## Exercise description
Leave out the pictures and repeat everything else in the records exactly.

## Information provided

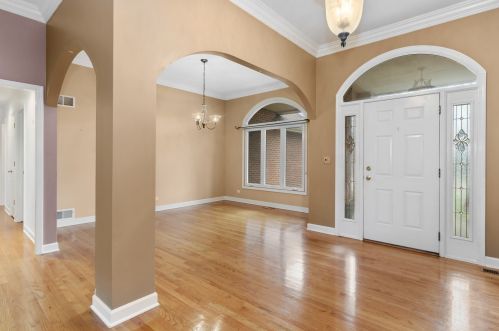 1055 Suffolk Ct, Gurnee, IL 60031-4050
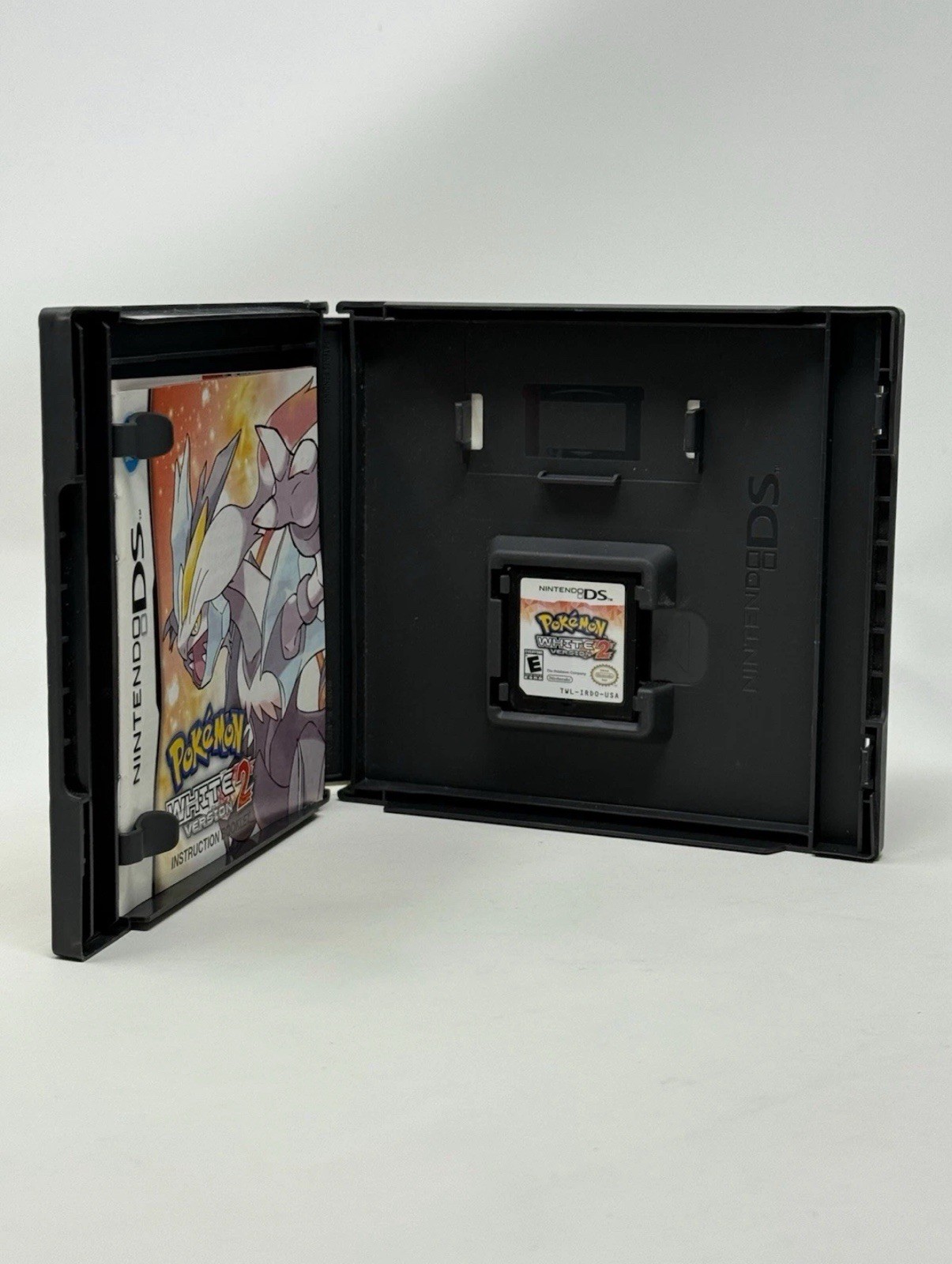 Unlocked Authentic Pokemon White 2 Nintendo DS Complete CIB | 649 SHINY Pokemon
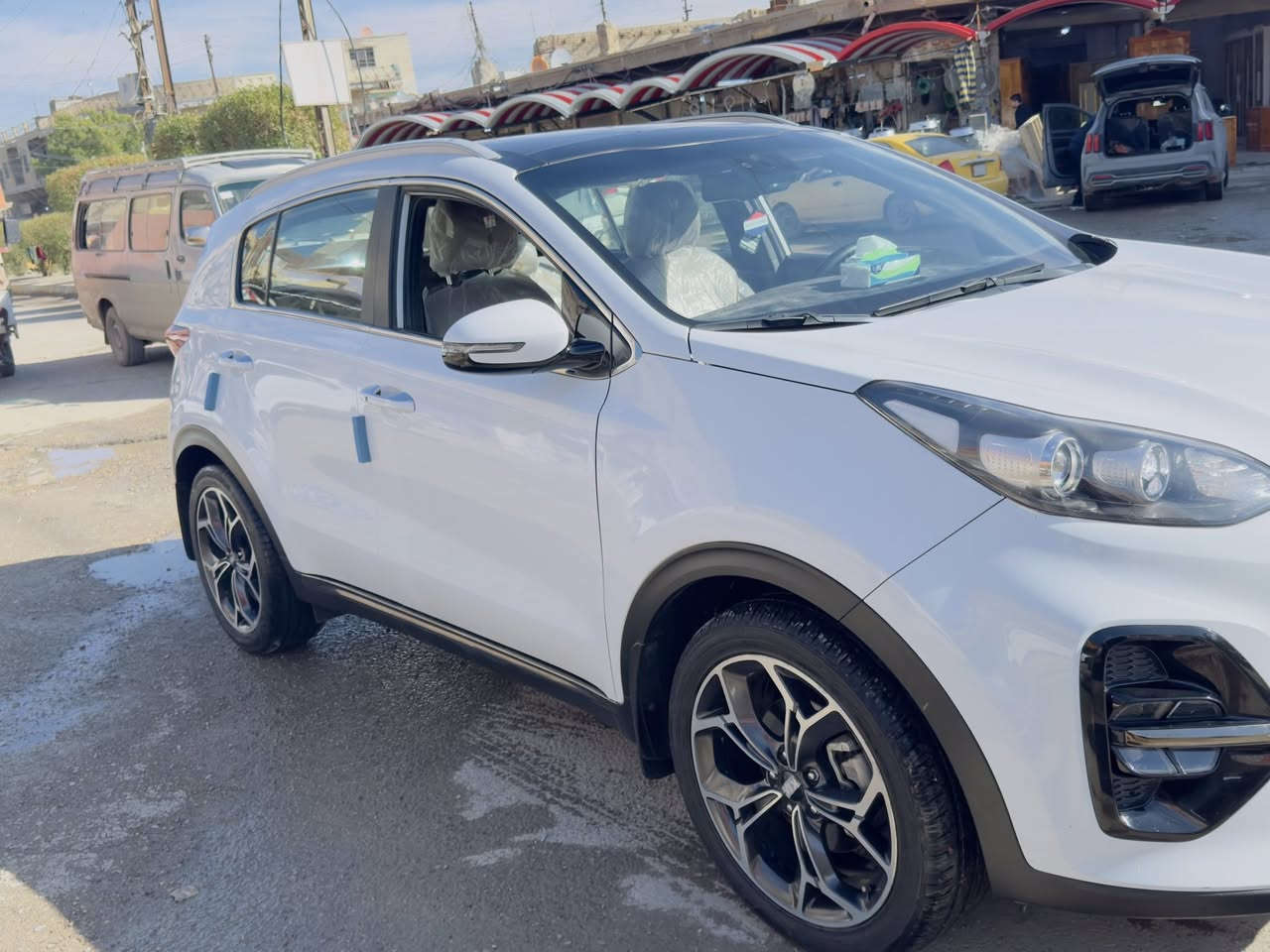 السلام عليكم سبورتج 2020 gt lain فول مواصفات رقم بغداد تحويل ثاني يوم فول نضافه 100/1000 
ماشيه ٦٠ الف 
بلها بارد ع كد اصبع بحافه باب السايق +رصعه بلجامرلخ  الخلفي معدله 
السعر 215
بيها مجال بسيط 
الي على باب الله لحد يتصل 
تفاصيل الاتصال على الرقم ***********
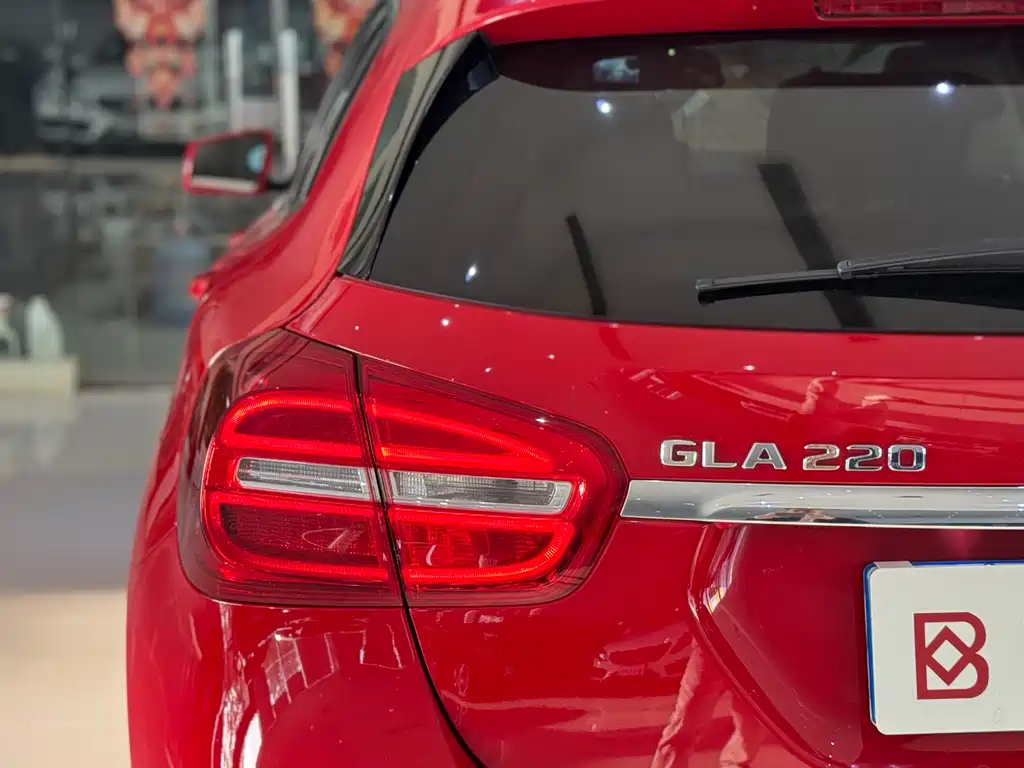 Mercedes-Benz GLA 2016 — фото 16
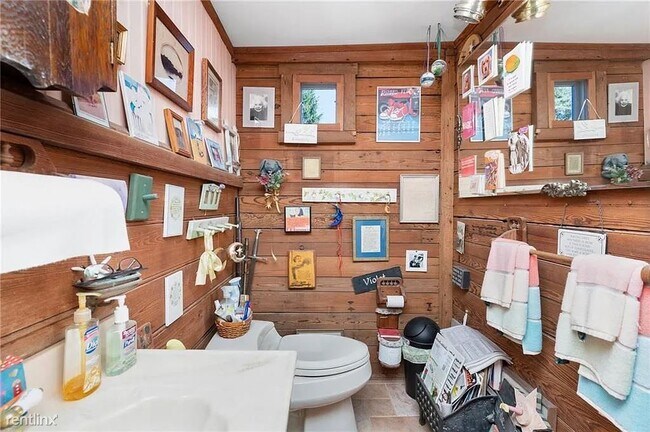 Foto del edificio - 2 br, 2.5 bath House - 305 West Main Road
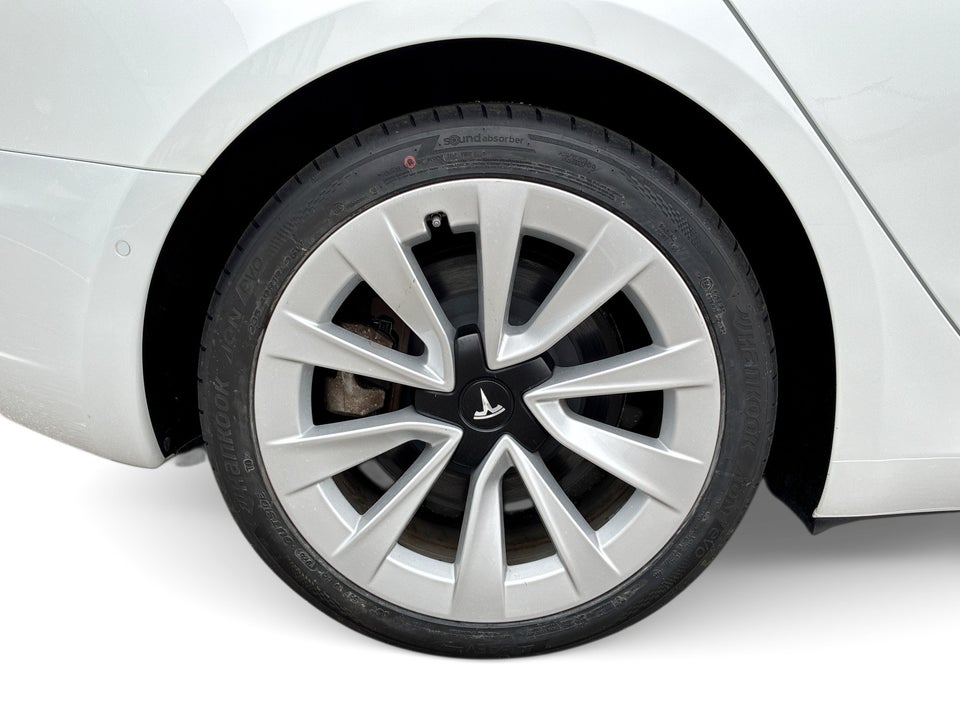 Tesla Model 3 Standard Range+ RWD 4d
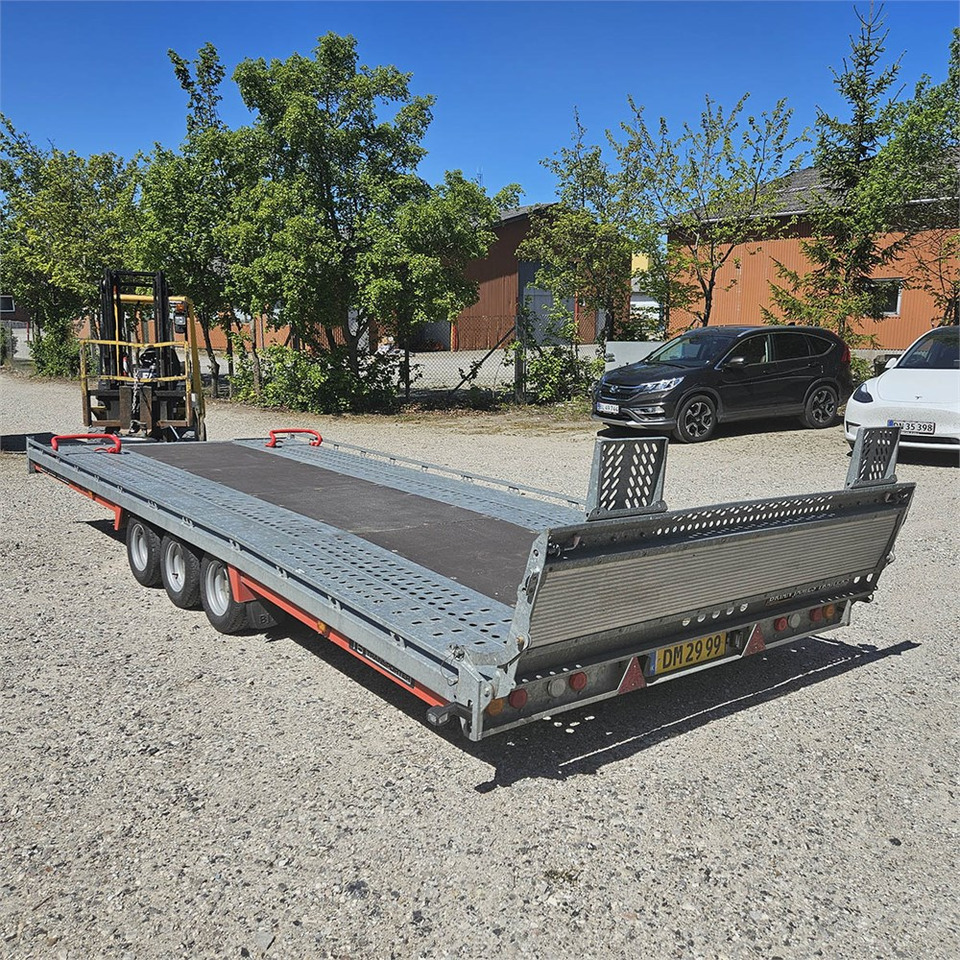 Brian James T6 Transporter - مقطورة سيارة: صورة 4 Brian James T6 Transporter - مقطورة سيارة: صورة 4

## Exercise response
 1055 Suffolk Ct, Gurnee, IL 60031-4050
 Unlocked Authentic Pokemon White 2 Nintendo DS Complete CIB | 649 SHINY Pokemon
 السلام عليكم سبورتج 2020 gt lain فول مواصفات رقم بغداد تحويل ثاني يوم فول نضافه 100/1000 
ماشيه ٦٠ الف 
بلها بارد ع كد اصبع بحافه باب السايق +رصعه بلجامرلخ  الخلفي معدله 
السعر 215
بيها مجال بسيط 
الي على باب الله لحد يتصل 
تفاصيل الاتصال على الرقم ***********
 Mercedes-Benz GLA 2016 — фото 16
 Foto del edificio - 2 br, 2.5 bath House - 305 West Main Road
 Tesla Model 3 Standard Range+ RWD 4d
 Brian James T6 Transporter - مقطورة سيارة: صورة 4 Brian James T6 Transporter - مقطورة سيارة: صورة 4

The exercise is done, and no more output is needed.